*TASK GOAL*.
What appears from the first line of the records below through the line containing "USGS US TOPO" must be reproduced verbatim.

*GIVEN ENTRIES*.
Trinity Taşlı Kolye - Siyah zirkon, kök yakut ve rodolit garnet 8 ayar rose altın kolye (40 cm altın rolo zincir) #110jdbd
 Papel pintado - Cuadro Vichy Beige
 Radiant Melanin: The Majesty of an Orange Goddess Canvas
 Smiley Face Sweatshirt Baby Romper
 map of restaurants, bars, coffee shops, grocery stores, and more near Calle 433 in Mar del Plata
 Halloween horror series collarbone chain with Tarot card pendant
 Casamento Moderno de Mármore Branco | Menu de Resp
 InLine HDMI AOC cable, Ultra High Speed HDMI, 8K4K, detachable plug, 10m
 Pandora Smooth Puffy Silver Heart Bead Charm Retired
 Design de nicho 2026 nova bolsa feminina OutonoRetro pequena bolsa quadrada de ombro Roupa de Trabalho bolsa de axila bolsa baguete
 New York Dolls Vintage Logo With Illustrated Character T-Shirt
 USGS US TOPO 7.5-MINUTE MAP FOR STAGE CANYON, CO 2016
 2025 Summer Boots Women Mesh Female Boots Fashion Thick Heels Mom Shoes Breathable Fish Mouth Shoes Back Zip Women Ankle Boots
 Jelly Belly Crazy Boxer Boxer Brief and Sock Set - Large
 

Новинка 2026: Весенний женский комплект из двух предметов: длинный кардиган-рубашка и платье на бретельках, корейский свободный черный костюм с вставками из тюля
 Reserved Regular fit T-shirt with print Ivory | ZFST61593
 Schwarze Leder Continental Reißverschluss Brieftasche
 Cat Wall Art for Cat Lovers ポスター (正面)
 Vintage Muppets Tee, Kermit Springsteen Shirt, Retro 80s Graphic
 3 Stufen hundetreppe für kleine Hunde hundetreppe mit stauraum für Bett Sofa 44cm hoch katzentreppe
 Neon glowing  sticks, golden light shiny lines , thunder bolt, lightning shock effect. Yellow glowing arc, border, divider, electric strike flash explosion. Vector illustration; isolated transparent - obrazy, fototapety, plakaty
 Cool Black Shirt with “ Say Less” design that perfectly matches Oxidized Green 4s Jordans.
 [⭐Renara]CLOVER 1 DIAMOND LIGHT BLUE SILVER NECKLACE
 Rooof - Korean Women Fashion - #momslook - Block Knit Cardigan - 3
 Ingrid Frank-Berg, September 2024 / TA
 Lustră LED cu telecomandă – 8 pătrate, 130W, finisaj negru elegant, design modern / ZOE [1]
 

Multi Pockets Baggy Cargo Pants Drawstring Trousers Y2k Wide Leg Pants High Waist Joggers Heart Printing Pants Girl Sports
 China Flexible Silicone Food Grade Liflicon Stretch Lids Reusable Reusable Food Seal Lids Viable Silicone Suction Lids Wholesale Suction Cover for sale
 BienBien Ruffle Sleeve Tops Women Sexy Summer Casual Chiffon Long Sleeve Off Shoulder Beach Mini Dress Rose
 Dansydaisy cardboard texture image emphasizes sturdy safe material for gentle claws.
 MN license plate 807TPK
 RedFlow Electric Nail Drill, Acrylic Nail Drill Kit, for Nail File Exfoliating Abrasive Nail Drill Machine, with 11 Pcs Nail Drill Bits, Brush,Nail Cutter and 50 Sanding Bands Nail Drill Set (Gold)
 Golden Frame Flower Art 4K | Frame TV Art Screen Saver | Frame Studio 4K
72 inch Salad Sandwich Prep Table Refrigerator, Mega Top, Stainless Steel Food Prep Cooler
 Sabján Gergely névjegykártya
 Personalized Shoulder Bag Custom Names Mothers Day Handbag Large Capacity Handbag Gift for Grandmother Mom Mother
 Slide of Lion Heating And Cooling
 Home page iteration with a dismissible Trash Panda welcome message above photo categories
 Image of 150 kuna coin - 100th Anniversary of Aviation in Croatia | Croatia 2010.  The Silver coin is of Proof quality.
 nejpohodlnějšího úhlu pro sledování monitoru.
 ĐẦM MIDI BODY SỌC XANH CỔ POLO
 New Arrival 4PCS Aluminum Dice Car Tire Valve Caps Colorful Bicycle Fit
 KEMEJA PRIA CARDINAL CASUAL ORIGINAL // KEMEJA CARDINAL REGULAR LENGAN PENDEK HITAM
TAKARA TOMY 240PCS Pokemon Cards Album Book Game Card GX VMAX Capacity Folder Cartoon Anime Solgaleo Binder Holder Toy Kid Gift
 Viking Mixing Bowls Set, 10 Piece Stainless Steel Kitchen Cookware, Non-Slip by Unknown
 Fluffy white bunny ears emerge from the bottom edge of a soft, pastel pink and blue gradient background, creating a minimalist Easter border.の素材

*PROBLEM SOLUTION*.
Trinity Taşlı Kolye - Siyah zirkon, kök yakut ve rodolit garnet 8 ayar rose altın kolye (40 cm altın rolo zincir) #110jdbd
 Papel pintado - Cuadro Vichy Beige
 Radiant Melanin: The Majesty of an Orange Goddess Canvas
 Smiley Face Sweatshirt Baby Romper
 map of restaurants, bars, coffee shops, grocery stores, and more near Calle 433 in Mar del Plata
 Halloween horror series collarbone chain with Tarot card pendant
 Casamento Moderno de Mármore Branco | Menu de Resp
 InLine HDMI AOC cable, Ultra High Speed HDMI, 8K4K, detachable plug, 10m
 Pandora Smooth Puffy Silver Heart Bead Charm Retired
 Design de nicho 2026 nova bolsa feminina OutonoRetro pequena bolsa quadrada de ombro Roupa de Trabalho bolsa de axila bolsa baguete
 New York Dolls Vintage Logo With Illustrated Character T-Shirt
 USGS US TOPO 7.5-MINUTE MAP FOR STAGE CANYON, CO 2016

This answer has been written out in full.